Within these various topics, there are theories about how to arrive at ethical decisions. Kantian ethics looks at universal rules, and utilitarianism looks to quantify the good and evil (or pleasure and pain) of potential decisions. In the end, nobody agrees on much. This brings a question: how is a person supposed to define a moment of good moral character when the world’s best philosophers can’t decide on any ethical issue besides the fact that “Hitler was bad”?

I think that the answer lies in virtue. Aristotle is probably the greatest source on this topic, although some Catholic scholars would argue that Augustin or Aquinas earned that title. Oh well. They all agree that one’s character can be defined through their habits of virtue and vice. The virtues they seem to agree on are justice, courage, temperance, and practical wisdom. One’s character develops these virtues by thinking and acting accordingly, all-day-everyday, for life.

Those in utilitarian or Kantian camps often argue that Virtue Ethics cannot tell people how to act courageously or wisely. I’ve been told that that virtue merely tells us to be virtuous, that it can’t tell us how to act in a variety of situations. I think that this rebuttal is bullshit.

Do we really need 20,000 peer-reviewed journal articles to tell us that cheating and stealing are unjust, or that refusing to take responsibility for one’s actions is both unjust and cowardly? Does it really take a calculation of pleasure and pain to figure out that buying hookers and cocaine is neither wise nor temperate? When did ethics and character get so complicated?

Unfortunately, many scholars in the field of ethics would have you believe that it is complicated. However, the truth is that most of us will never face a complex moral dilemma that requires intense scrutiny. Seriously.

When was the last time you were faced with a lever that would kill 50 train passengers but save three kids stuck on the tracks? When was the last time someone put a gun to your head and forced you to choose between murdering either a child or his two parents? These scenarios do not happen every lifetime. A few people out of billions will ever face problems like these, but no amount of ethical education can tell you which decision is less evil. If you don’t believe me, try listening to a room full of utilitarian scholars debating a trolley problem. They will never reach a definitive answer, and your time would be better-spent bowling with Jeffrey Lebowski.

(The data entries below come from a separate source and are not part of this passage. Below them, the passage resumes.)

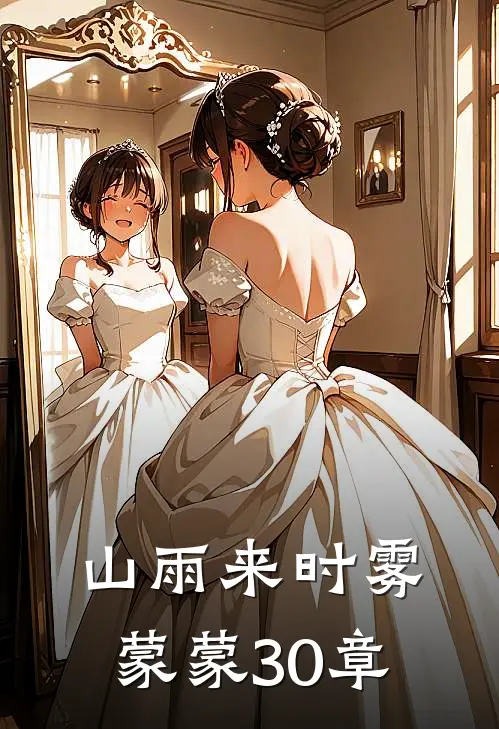 山雨来时雾蒙蒙30章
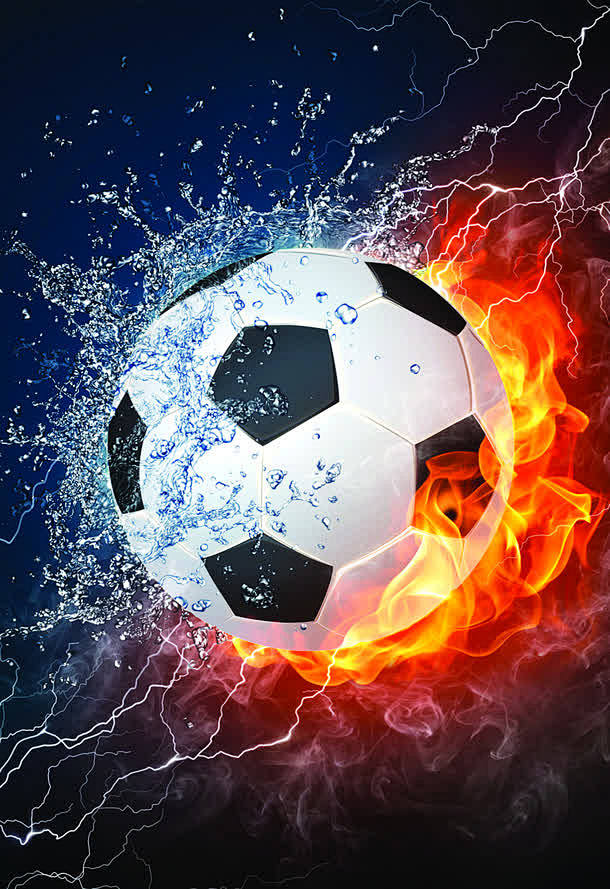 级中采用 级中采用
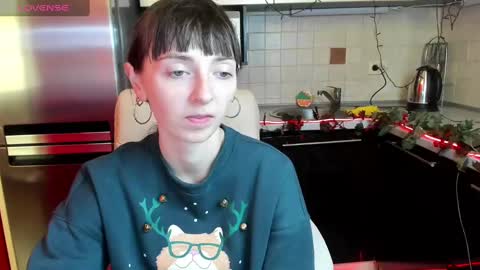 jessicaforris online show from January 2025 07:34:02 AM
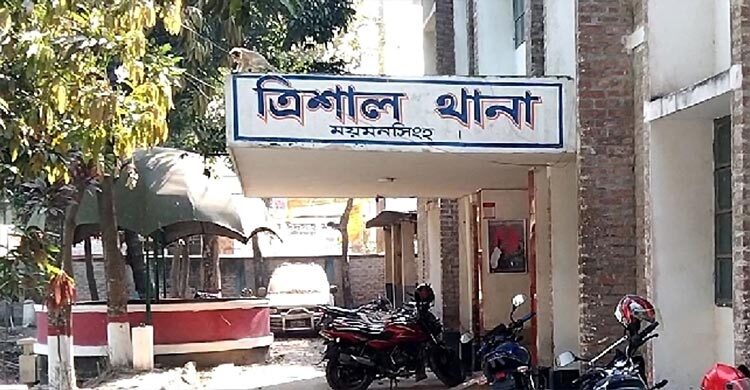 মসজিদের ভেতর শিশুকে ধর্ষণ, ইমামকে গণপিটুনি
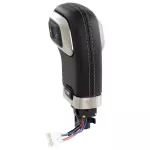 HL3Z7213FA - : Shift Knob for Ford Image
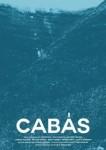 Ficha de Cabás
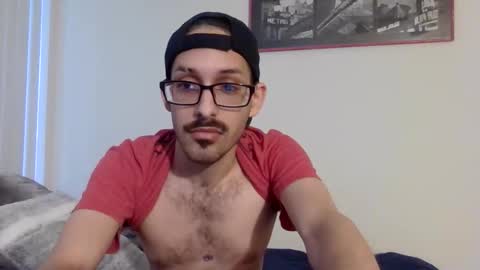 Snapshot of cal_xxx chatting on October 11, 2025, 10:41 pm Cal XXX online show from October 11, 2025, 10:41 pm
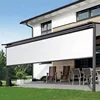 /product-detail/manufacturer-sell-remote-control-waterproof-outdoor-zip-track-roller-blinds-60765338934.html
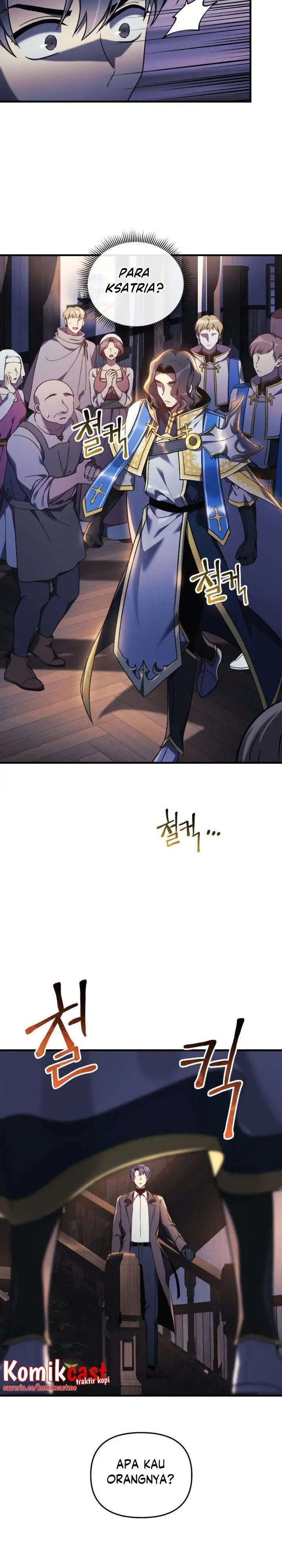 image-komik-my-daughter-is-the-final-boss-chapter-45-23/27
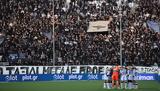 ΠΑΟΚ,paok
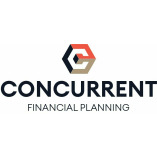 Concurrent Financial Planning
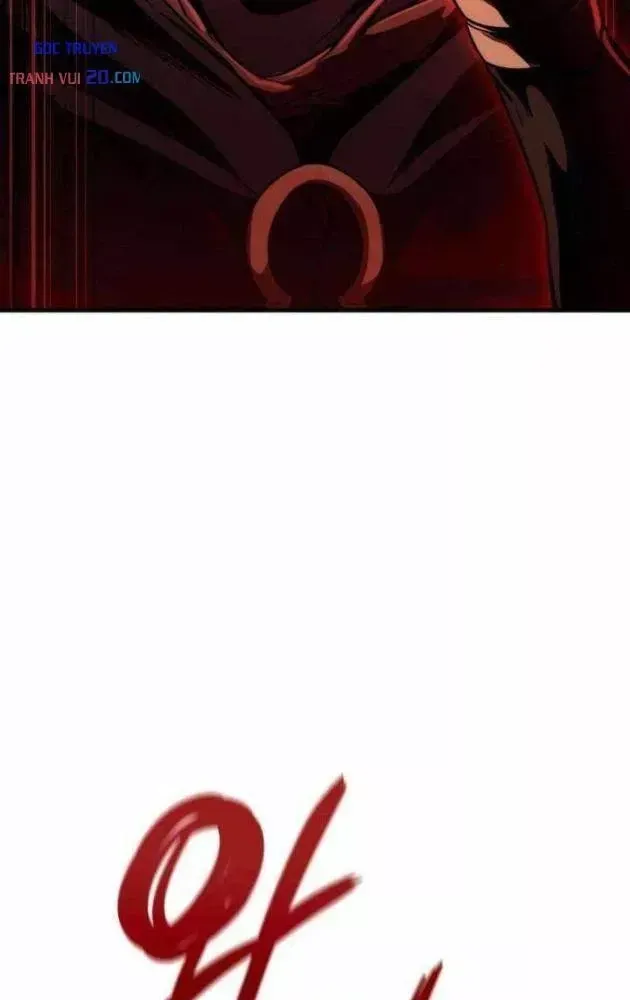 Sử Thi Valhalla Chap 67 - Next Chap 66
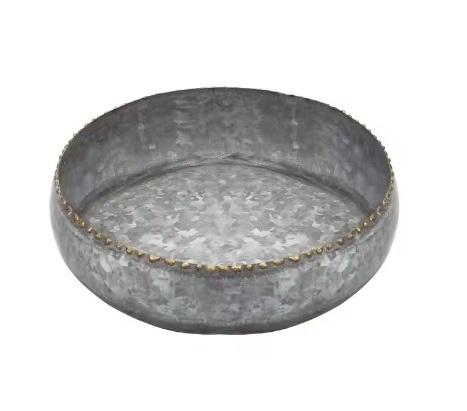 ตามที่แสดง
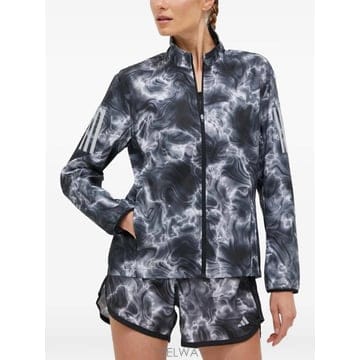 Adidas 26 FW �Ƶ�ٽ� ���� �� �� �ÿ��� ����Ʈ ���� ��Ŷ IJ5427 TP45960001326 FW �Ƶ�ٽ� ���� �� �� �ÿ��� ����Ʈ ���� ��Ŷ IJ54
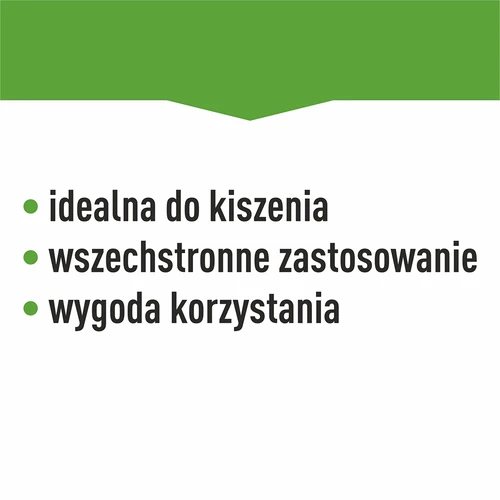 Sud Kiszonka 60 L - biely, s úchytmi - 12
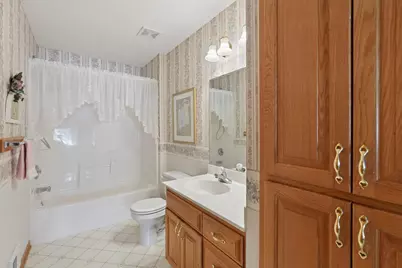 2853 Aldrich Trail, Woodbury, MN 55125 - Photo 24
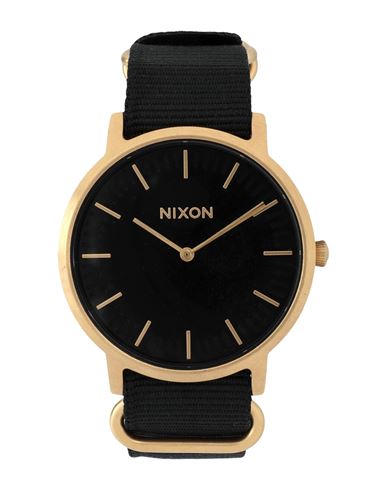 Наручные часы NIXON 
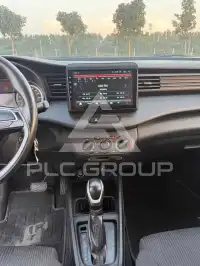2022 Suzuki Ertiga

Instead of the complex ethical questions heard nowhere but philosophy class, our lives are largely made up of simple moral dilemmas:

“Should I speak up about my mistake, or let others suffer for it?”

“Should I lie about last quarter’s earnings, protecting our employees and shareholders, or should I tell the more difficult truth?”

“Should I fill out and file 50 pages of paperwork, facing the wrath of upper management, or can I sweep these HR complaints under the rug?”

“Should I get my work done tonight, or should I watch Dancing with the Stars?”

“Is it really necessary to have a beer at breakfast?”

I’ve been known to choose my vices with the last one. Nobody’s perfect, after all. The takeaway is that we don’t need a PHD to define and build good character. Good character comes from aggregating the small, simple-yet-difficult decisions one makes in life. These decisions make our habits, and these habits, not moments, define our character.

Thanks for reading. Now get off the toilet.